Seit wann kostet ein Aquaaero weniger ? ^^ Momentan 40 euro heatmaster und 60 euro AE 5LT. Wobei der AE natürlich den Vorteil, dass man noch diverse Sachen erweitern kann.


----------



## <BaSh> (5. Juli 2011)

Ich weiss nicht was alle gegen den Heatmaster haben? Ich bin mit meinem zufrieden.
Er regelt was ich will.
Und bald (noch ein bisschen Arbeit) kann er vielleicht sogar Daten auf einem LCD ausgeben


----------



## watercooled (5. Juli 2011)

Oh Sry, hab den aktuellen Preis noch nicht gesehen


----------



## L-man (5. Juli 2011)

dorow schrieb:


> Vielleicht hilft dir das Video weiter und beantwortet manche Frage von dir.
> 
> Alphacool Heatmaster 39,87 Euro
> 
> https://www.youtube.com/watch?v=6TXfu6WECjM


 
das Video habe ich mir schon angesehen aber es beantwortet meine Fragen nicht, besonders nicht wie die Regelung abläuft.


----------



## <BaSh> (5. Juli 2011)

Solltest dir mal die Beiträge auf der ersten Seite anschauen. Da sollte alles stehen


----------



## L-man (20. Juli 2011)

so ich habe das Teil jetzt ne Weile ausgetestet und habe festgestellt das wohl hier niemand wirklich Ahnung vom Praktischen Regelverhalten des Heatmaster hat wenn ich mir die Antworten im nachhinein nochmal durchlese. Sollte hier mal jemand zufällig in das Thema stolpern der die gleiche Frage hat wie ich werde ich die jetzt mal beantworten. Also der Heatmaster hat in den Fortgeschrittenen Einstellungen die Möglichkeit die Art der Regelung selbst zu bestimmen. 

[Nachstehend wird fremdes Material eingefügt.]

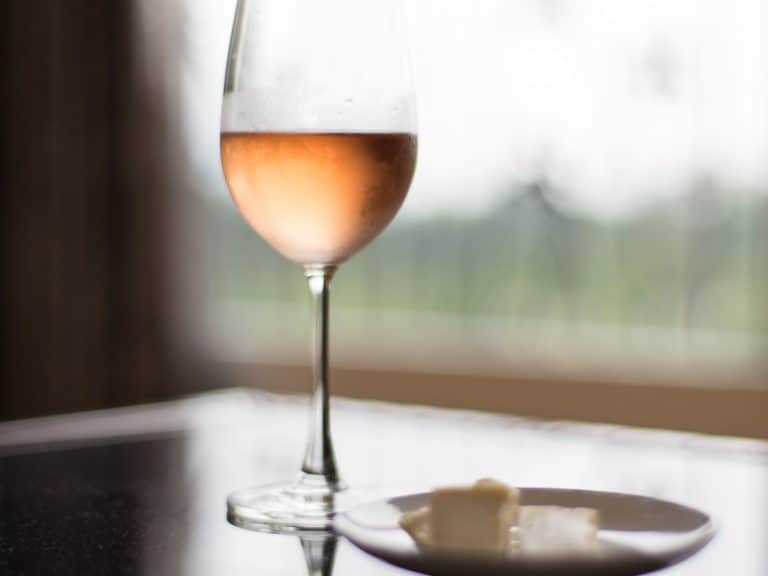 Want to Make Rosé Wine Taste Better? Try These 9 Things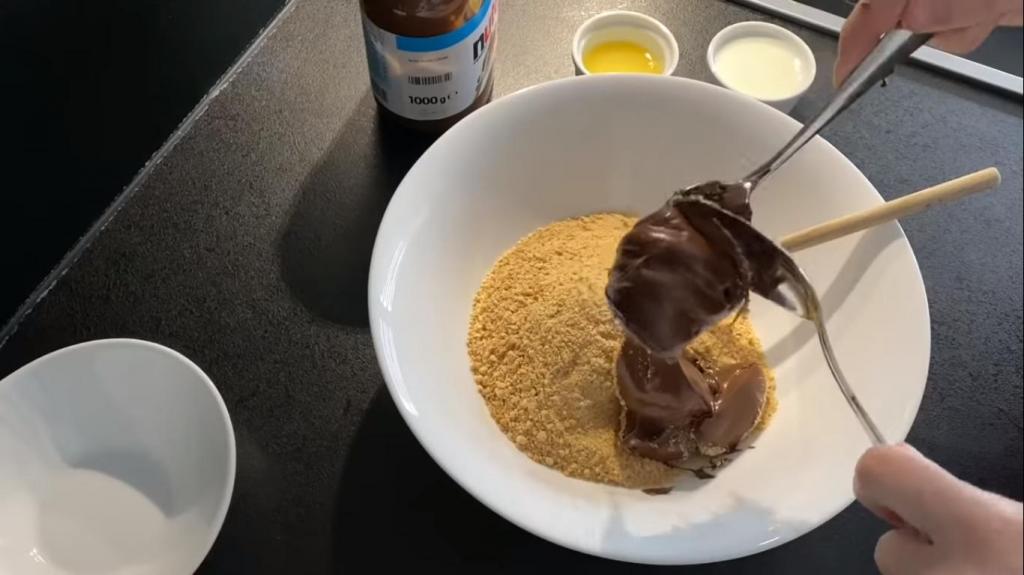 Не люблю выпечку, поэтому готовлю шоколадный рулет с бананом за 10 минут: рецепт с фото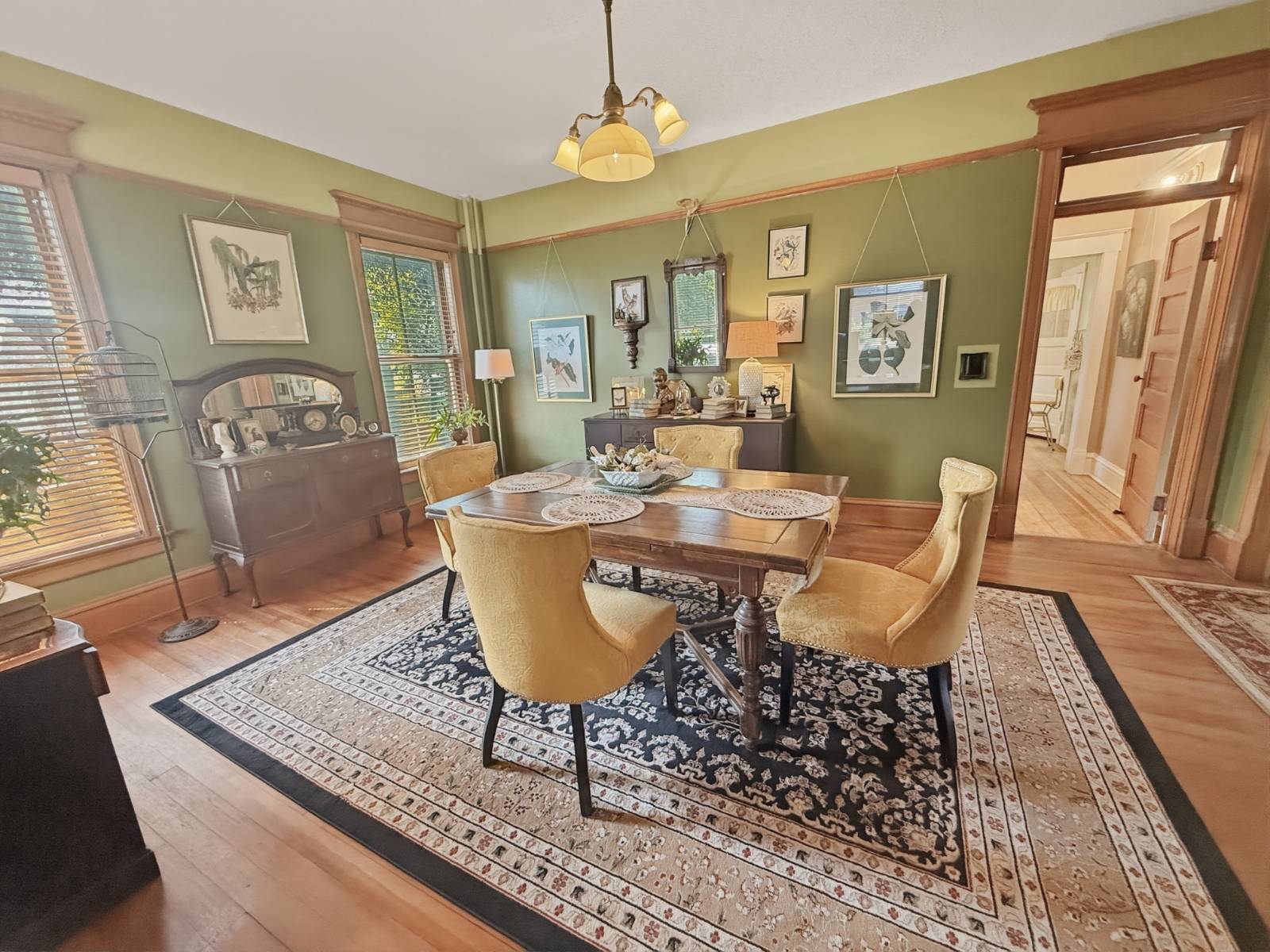 Photo 5 of 60 of home listing at 304 W. Dayton St., Cedar Rapids, NE 68627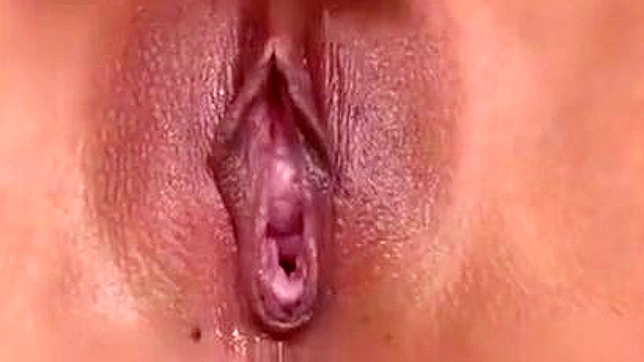 Sensual Babe Shaves Pussy In Hot Solo Tease Before Steamy Fun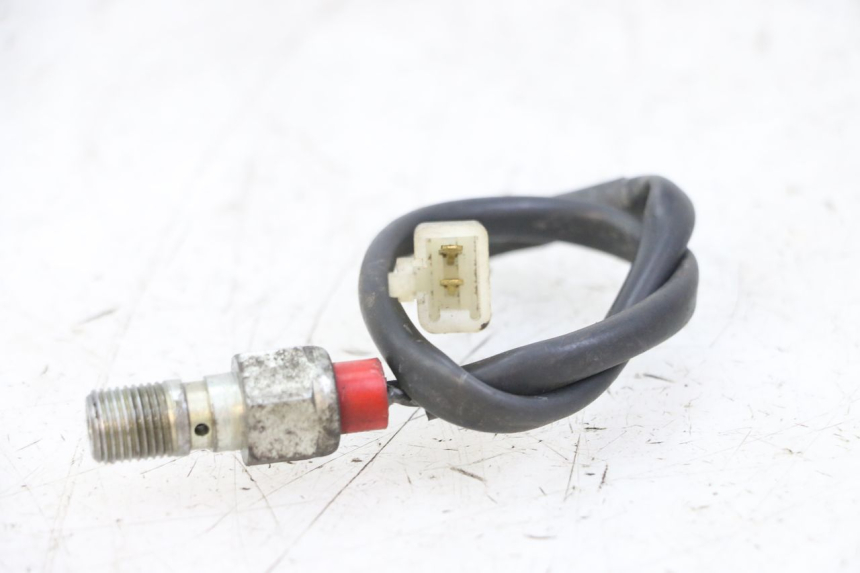 photo de CONTACTEUR FEU STOP ARRIERE DERBI SENDA R X-TREME 50 (2006 - 2010) - Détail de la pièce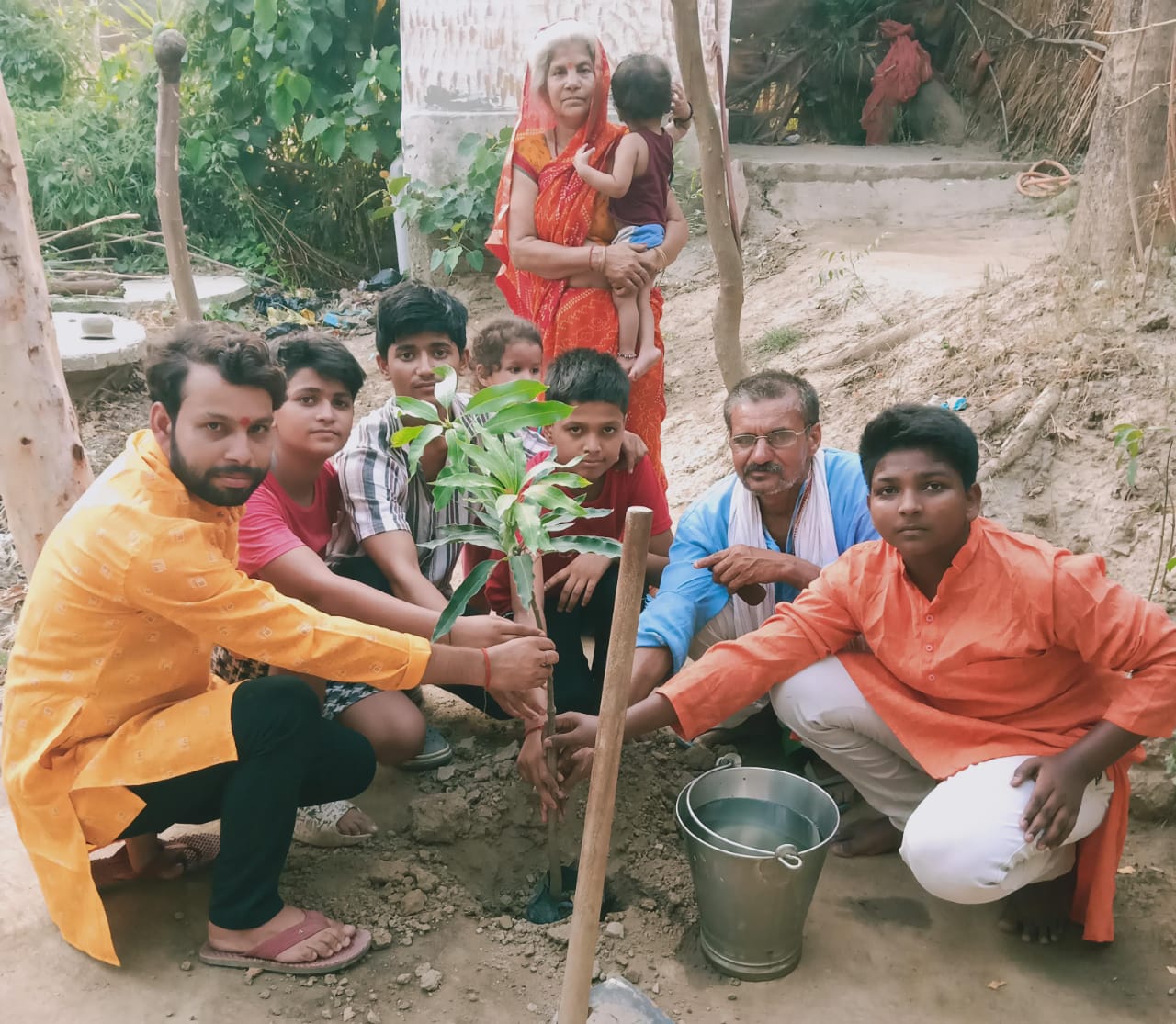 On World Environment Day, the district in-charge of All India Brahmin Mahasabha, Gorakhpur and a prominent youth leader of SP planted trees.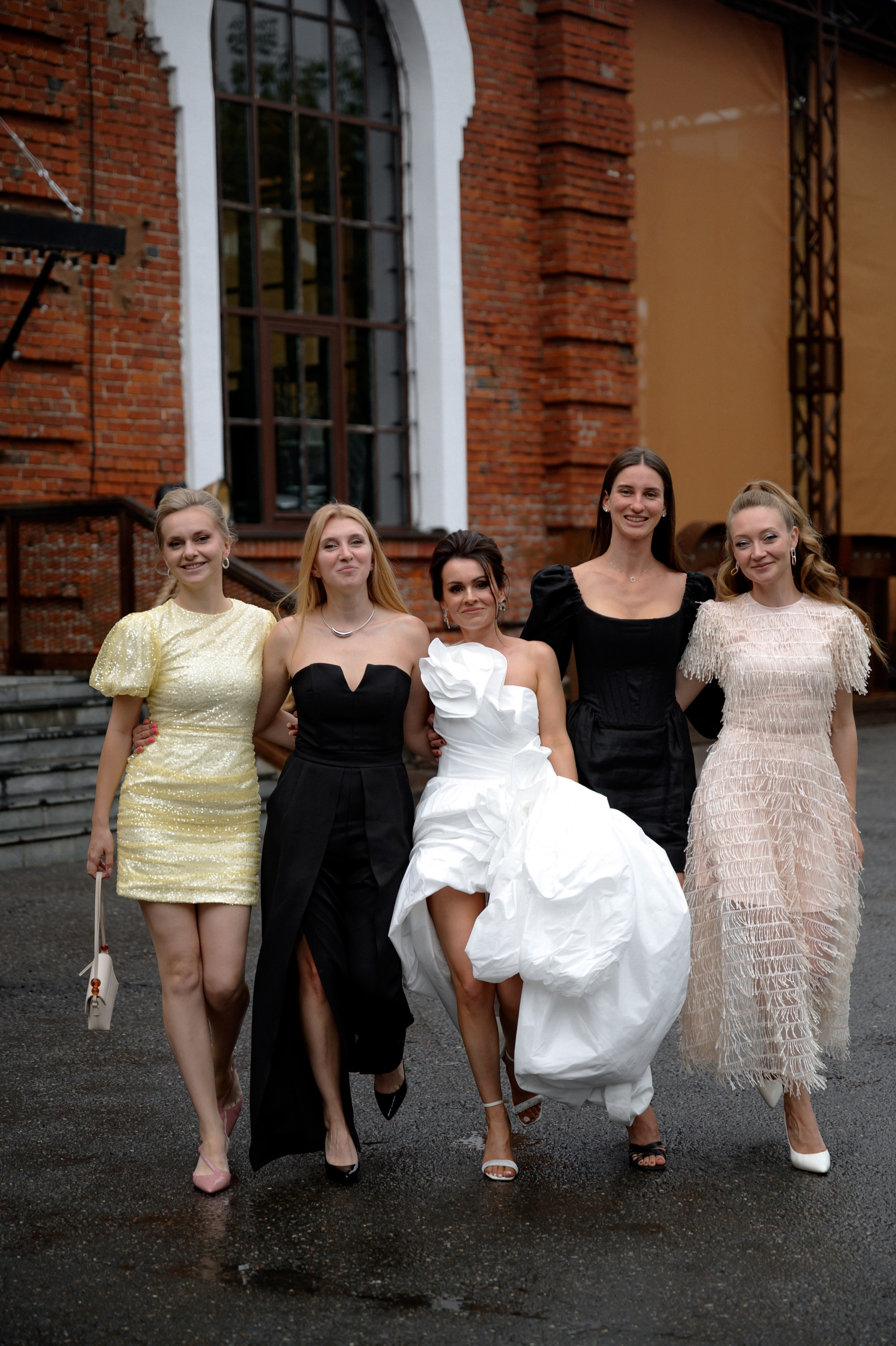 23.08.2024. RETOUCH-HOUSE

1. *Regelung durch den Proportionalwert*: Das ist im Endeffekt die Lineare Regelung zwischen einer Min und einer Max Temperatur so wie man es z.b. von der Lüftersteuerung eines Mobos her kennt. 


2. *Regelung durch den Integral Wert*: Wird die eingestellte Solltemperatur überschritten, wird der Lüfter solange hochgeregelt bis die eingestellte Temperatur wieder erreicht ist. So kann gezielt eine Solltemp gehalten werden. 


3. *Regelung durch den Differential Wert*: Hier ist nicht der Absolutwert der Temperatur ausschlaggebend sondernd nur die Änderung der Temperatur. Je höher das gemessene Delta T umso stärker wird die Drehzahl des Lüfters angehoben. Für sich alleine eine Recht nutzlose Funktion aber im Zusammenspiel mit der Integral Methode wirkt dieses als Beschleunigungsfaktor bei schnellen Temperaturänderungen ist also für Flinke Regelkreise anzuraten (Luftkühlung) 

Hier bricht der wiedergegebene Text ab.